Embanked enclosure, Kilbride, Co. Waterford
Co. Waterford |
Ringforts
There is an oval enclosure in the townland of Kilbride, County Waterford, that exists more convincingly on paper than it does in the field. Roughly fifty metres from north to south and thirty-five metres from east to west, it was recorded clearly enough on the first Ordnance Survey six-inch map of 1840, its earthen bank tracing a recognisable oval across what is now ordinary grazing pasture. By 1925, only a portion of that bank, running roughly thirty metres from northwest to northeast, was still worth marking. Today, standing in the field itself, you would see nothing at all.

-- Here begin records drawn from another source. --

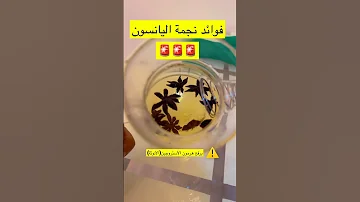 فوائد نجمة اليانسون Explore اكسبلور ترند 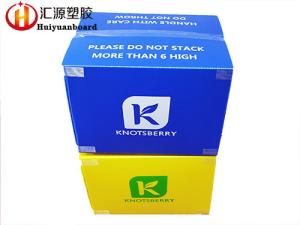 Quality Printable Collapsible Custom Corrugated Plastic Boxes wholesale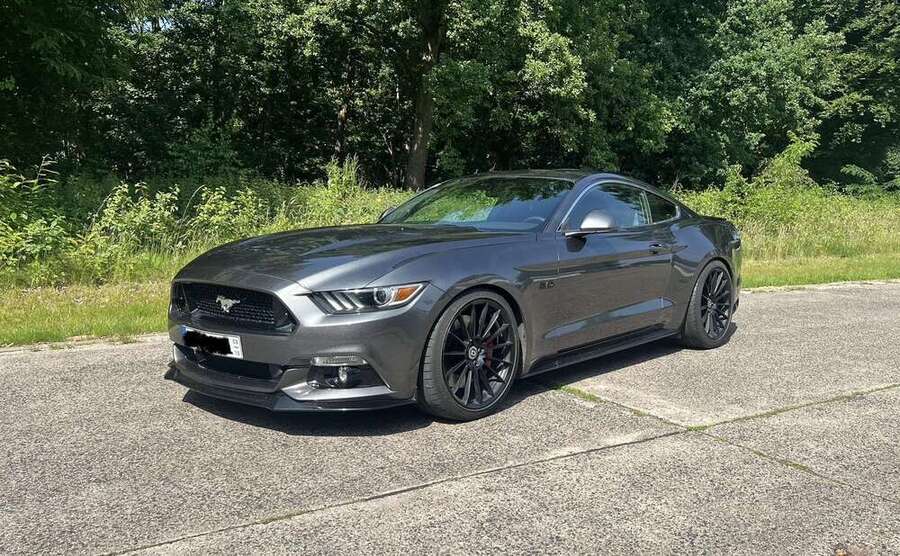 Mustang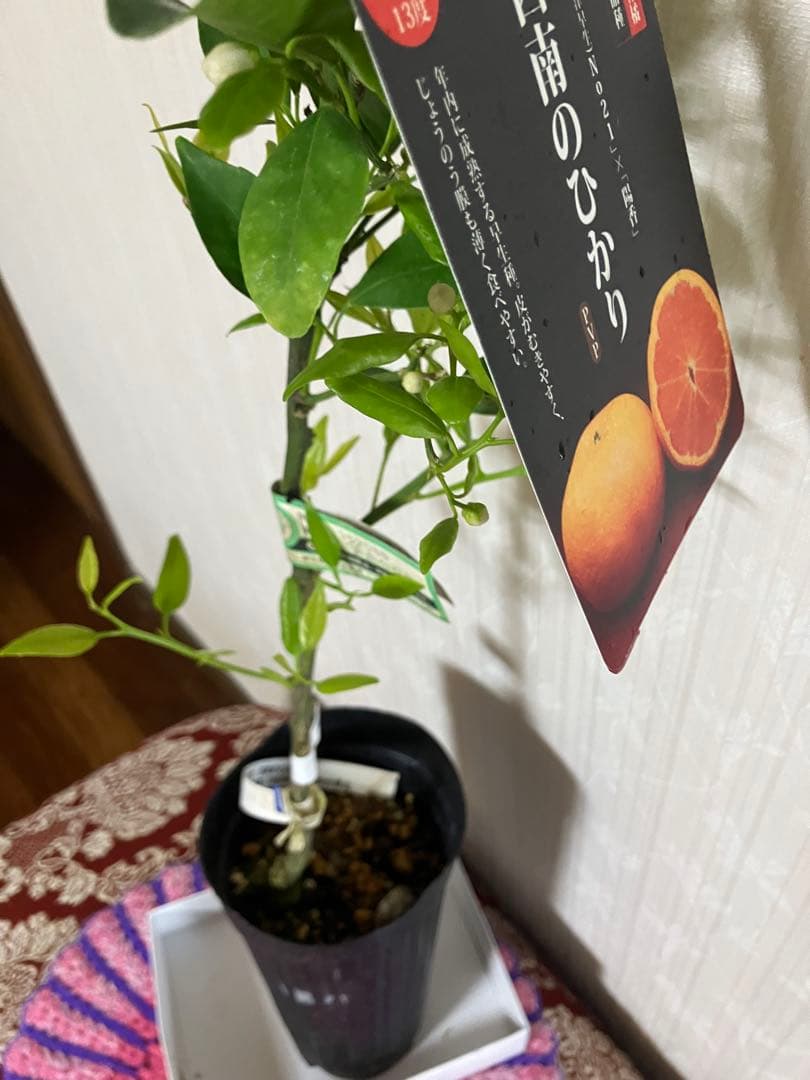 みかん苗木　西南のひかり　接木　　蕾付き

Embanked enclosures of this kind are a relatively common feature of the Irish landscape, though their precise function and date are often uncertain. Some are associated with early medieval settlement or farming activity; others may have served as stock enclosures or boundary markers. What makes the Kilbride example quietly interesting is not any dramatic history attached to it, but the straightforward fact of its disappearance. The site sits in a gentle col, a shallow saddle in the land, on a southwest-facing slope with higher ground rising close by to the northeast and again about three hundred metres to the southwest. It is the sort of location that makes topographical sense for an enclosure, sheltered slightly from prevailing weather, with reasonable sightlines. The earthwork itself, however, has been reduced over the decades by agriculture to the point where the ground gives nothing away.